No dia 7 de junho, em Bristol, manifestantes jogaram no rio Avon a estátua de Edward Colston, um traficante de pessoas escravizadas, responsável pelo tráfico de 80 mil africanos, sendo que 20 mil deles morreram no mar.
Já em Antuérpia, nesta terça, 9 de junho, a estátua de Leopoldo II, incendiada na última semana, foi retirada da praça pública para ser inserida em um museu. O monarca, que reinou entre 1865 e 1909, foi o responsável pela morte de 10 milhões de africanos, a maioria da República do Congo, que era uma possessão pessoal de Leopoldo II (1835–1909).
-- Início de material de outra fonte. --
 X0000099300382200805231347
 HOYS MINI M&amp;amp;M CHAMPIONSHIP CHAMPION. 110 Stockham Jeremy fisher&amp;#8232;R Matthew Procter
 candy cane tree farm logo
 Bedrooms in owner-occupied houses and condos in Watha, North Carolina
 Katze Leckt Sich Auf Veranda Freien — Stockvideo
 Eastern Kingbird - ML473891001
Por aqui, este debate não é novo, especialmente em São Paulo, com vários monumentos que exaltam os milicianos do período colonial brasileiro: os bandeirantes. Dentre eles, o mais famoso, o Monumento às Bandeiras, no Ibirapuera, é o que tem como autor um dos mais reconhecidos artistas modernistas, Victor Brecheret. Inaugurado em 1953, uma maquete da obra chegou a ser exposta na Semana de Arte Moderna de 1922, o que revela o caráter elitista do movimento. Afinal, as bandeiras, como explicam Lilia Schwarcz e Heloisa Starling em Brasil: uma biografia, “dizimaram populações locais”. Essas bandeiras “assumiram a forma militarizada de organização das expedições de caça e escravização dos índios ou de busca de metais preciosos”.
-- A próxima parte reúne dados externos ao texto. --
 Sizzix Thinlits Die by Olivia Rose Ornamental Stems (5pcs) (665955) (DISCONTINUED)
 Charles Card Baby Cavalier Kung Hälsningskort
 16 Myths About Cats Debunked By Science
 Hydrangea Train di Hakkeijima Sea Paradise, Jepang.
Já há sete anos, em 2013, o monumento de Brecheret foi alvo de um protesto, tendo sido manchado com tinta vermelha. “Ela deixou de ser pedra e sangrou. Deixou de ser um monumento em homenagem aos genocidas que dizimaram nosso povo e transformou-se em um monumento à nossa resistência”, escreveu na época Marcos Tupã, coordenador da Comissão Guarani Yvyrupá. O fato ocorreu quando se discutia a PEC 215 (Proposta de Emenda à Constituição) que transferia a competência da União na demarcação de terras indígenas para o Congresso Nacional e possibilitava a remarcação das terras indígenas.
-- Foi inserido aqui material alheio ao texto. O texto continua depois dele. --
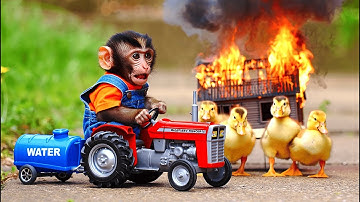 Monkey Kiko Drives Tractor Rescues Ducks Before the Coop Collapses 🐒✨ KIKO MONKEY LIFE
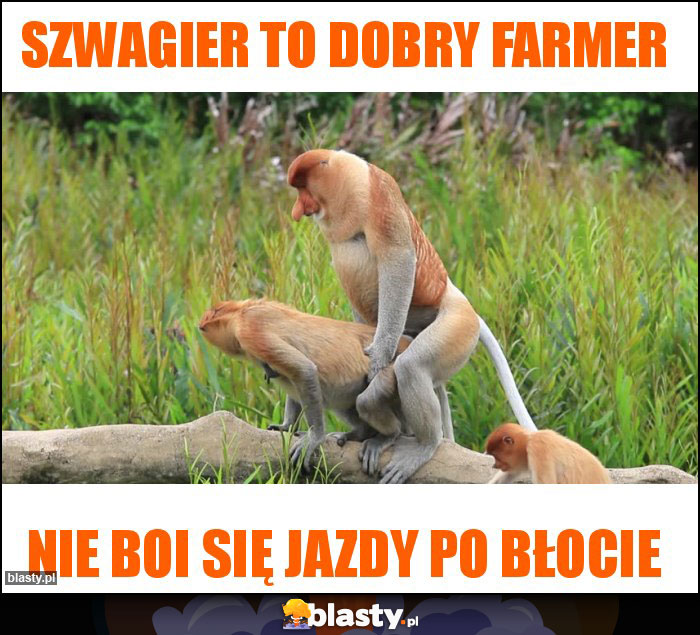 Szwagier to dobry farmer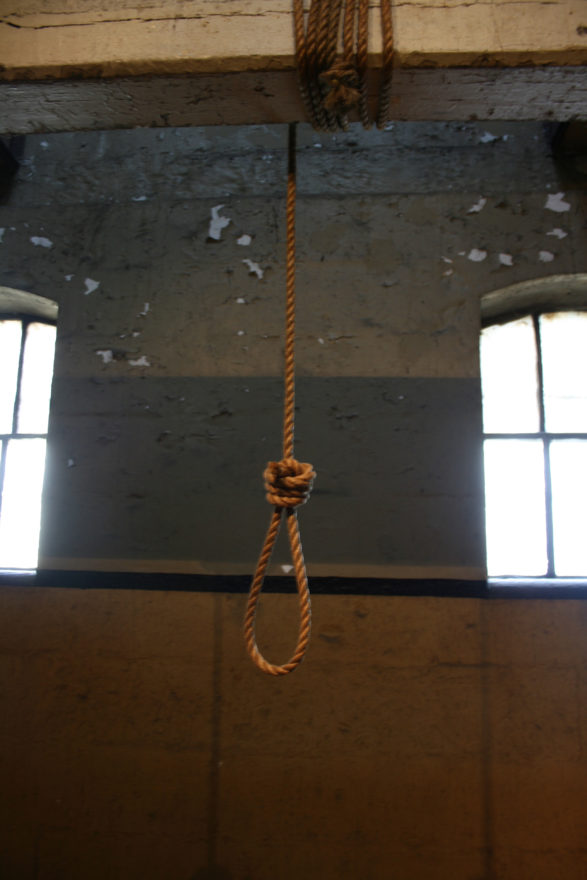 Noose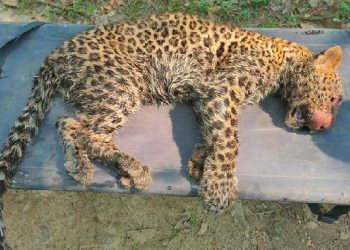 loepard death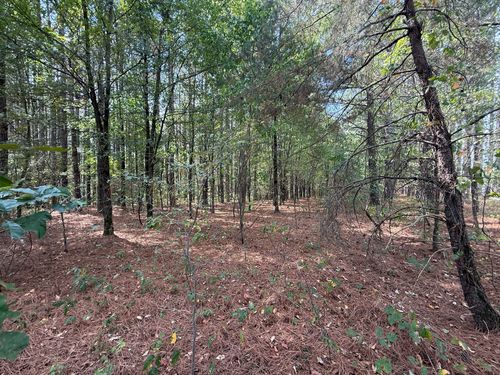 145 Brier Hill Rd, Ethridge, TN, 38456-5204 | Card Image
As manifestações antirracistas vêm colocando em xeque o que se considera como “história universal”. Em geral, essa história é um relato de homens brancos, que ignoram todos os conflitos e resistências, impondo uma visão única. Está na hora, portanto, de descolonizar nossa história e nossos símbolos, ressignificando esses monumentos que exaltam lideranças genocidas.
Em sua conta no Instagram, o artista Banksy faz uma ótima proposta para Bristol: recolocar a estátua de Edward Colston no pedestal, acrescentando, contundo, outras estátuas representando pessoas tentando derrubá-la, tornando permanente, assim, o gesto de reescritura da história.
Não se deve, afinal, apagar a história, ou mesmo fingir de conta que ela não existiu, como se fez com o período da ditadura militar no Brasil. A transição para a democracia sem o enfrentamento com o passado violento é um dos motivos para o pesadelo atual.
É preciso, portanto, rever esses monumentos e recontextualizá-los de forma a que não se esqueça o passado violento que se abateu sobre os povos indígenas, para que ele não mais se repita.